Kevin I actually spit tea through my nose when I read that and its total absurdity.

But no, you have to go and outdo yourself by giving us your 'worldly' advice on BBW's and its culture. 

My biggest fear is turning on the TV one evening and I see Nancy Grace yelling at one of her producers on the ground in MA wanting to know more about this latest nutjob who [insert crime against women here] and all they know is he is a loner who apparently frequented some BBW sites and apparently is a 'feeder' etc etc and then all the good that Conrad has done and all the people who come here and are really good people have a stigma thrown on them because of you and your strange motherfucking ass.


----------



## joswitch (Mar 26, 2011)

russianrobot said:


> dude you were like what 4 during this so called 'Neolithic' era of BBWs?
> 
> it ceases to amaze me, the inflated view you have of yourself I thought this was about as bad as it gets when you wrote this
> 
> ...









Your outburst is of course entirely rational.
/sarcasm


----------



## olwen (Mar 26, 2011)

ImSoDead said:


> I think you might be on to something. But I do wish to point out that Norma appeared in Plumpers magazine before there was a commercially available Internet. And that Diamond started her career right around the time of Kelligirl.
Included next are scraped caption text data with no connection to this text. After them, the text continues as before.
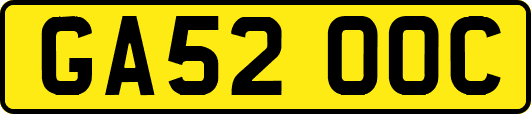GA52OOC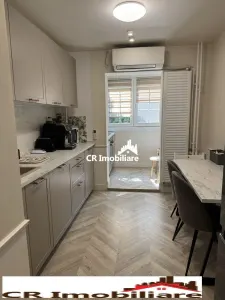 Apartament 3 camere Fizicienilor Renovat Total - Bucuresti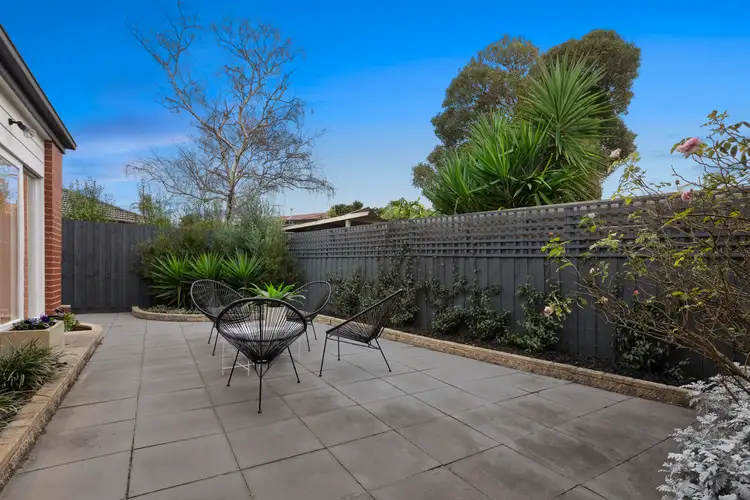Fourth view of Homely unit listing, 2/13 Oak Avenue, Cheltenham VIC 3192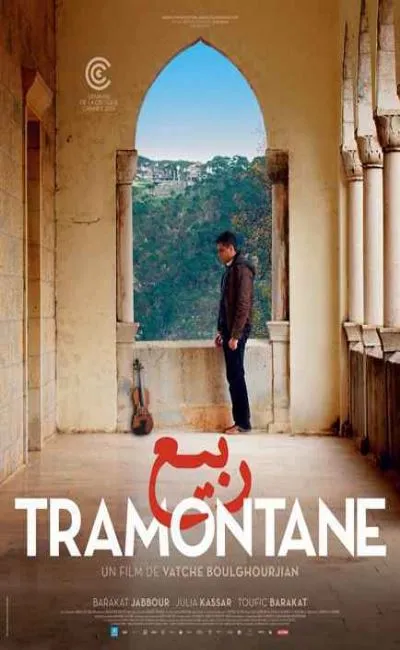 Tramontane (2017)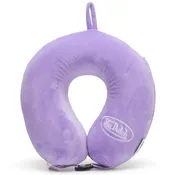 Classic Memory Foam Travel Neck Pillow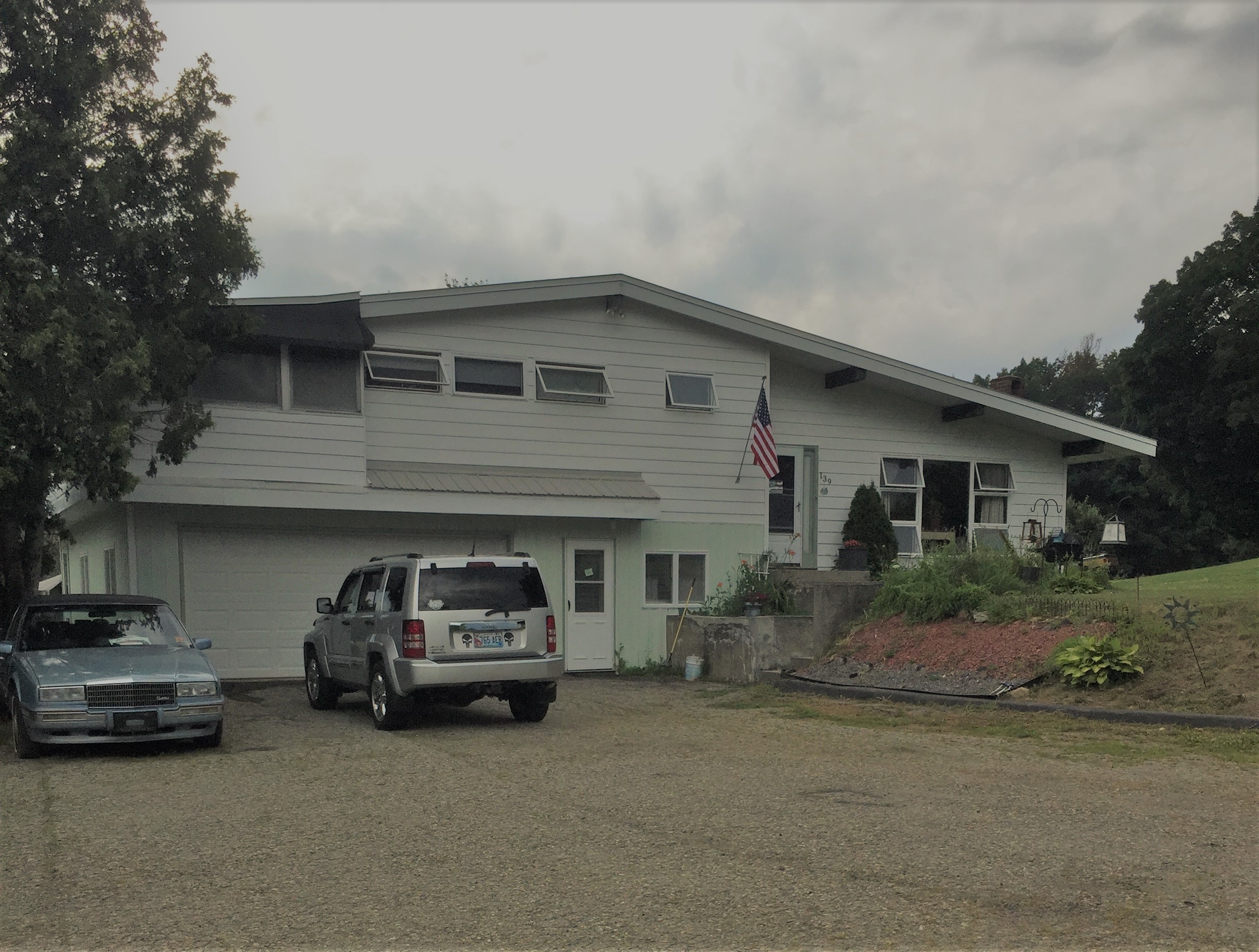 Rental, Pittston, Maine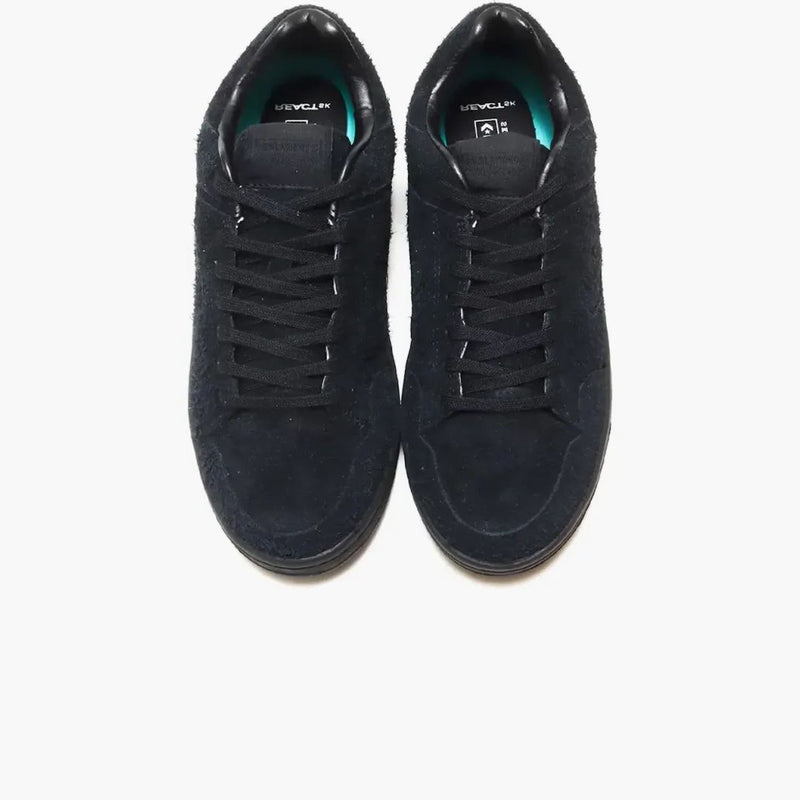 Converse Weapon Sk Ox Black Suede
And that Mercedes had the first successful BBW/SSBBW site at the same time and most of her model were and today are black.
> 
> Looking at the public gainers, all I can recall are Betsy and Kelligirl. Just two. Not enough of a pool to make any generalizations about race or ethnicity. So perhaps considering race or ethnicity just might be a red herring? It might really be about the lack of choices.





KHayes666 said:


> Big Cutie Lilly
> 
> MercedesBBW
> 
> ...



Fellas, I don't know what any of those models look like, but I do know what kelligirl looks like. So that has to count for something. Oh, and I don't think her religion has any bearing on how people see her in comparison to the fact that she was a gainer. 



butch said:


> Olwen, I think you're on to something-just like part of the Kelligrl appeal seems to be her combination of thin and fat (thin above the torso, fat below the neck), perhaps her whiteness also is part of that appeal, too. Both thinness and whiteness are huge sites of privilege in our culture, and so if Kelligrl is a growing fat girl, the mix of privilege and cultural rebellion on the same body might have heightened her taboo popularity.
> 
> One might suggest that the eruption of extreme fat on Kelligrl's body could be read as a rebellion against what 'good girls' (read thin, white) do in our culture, and thus her body becomes a literal representation of the rejection of mainstream (read thin, white), oppressive culture for girls. In other words, Kelligrl is the opposite of all those ED girls Susan Bordo and others write about, who in their schema are desperate to be thin in response to societal messages that seem to enforce patriarchial ideas about women's increasing power in the workplace and in society in general.
> 
> ...



Butch, I've also noticed that it's whites who are trying to define the discussion about race and fatness too, which rather bothers me. That size doesn't matter as much in black and latino communities is bullshit. I think too when white women notice that they get hit on by lots of minorities that it might have more to do with the fact that they are white than that they are fat. 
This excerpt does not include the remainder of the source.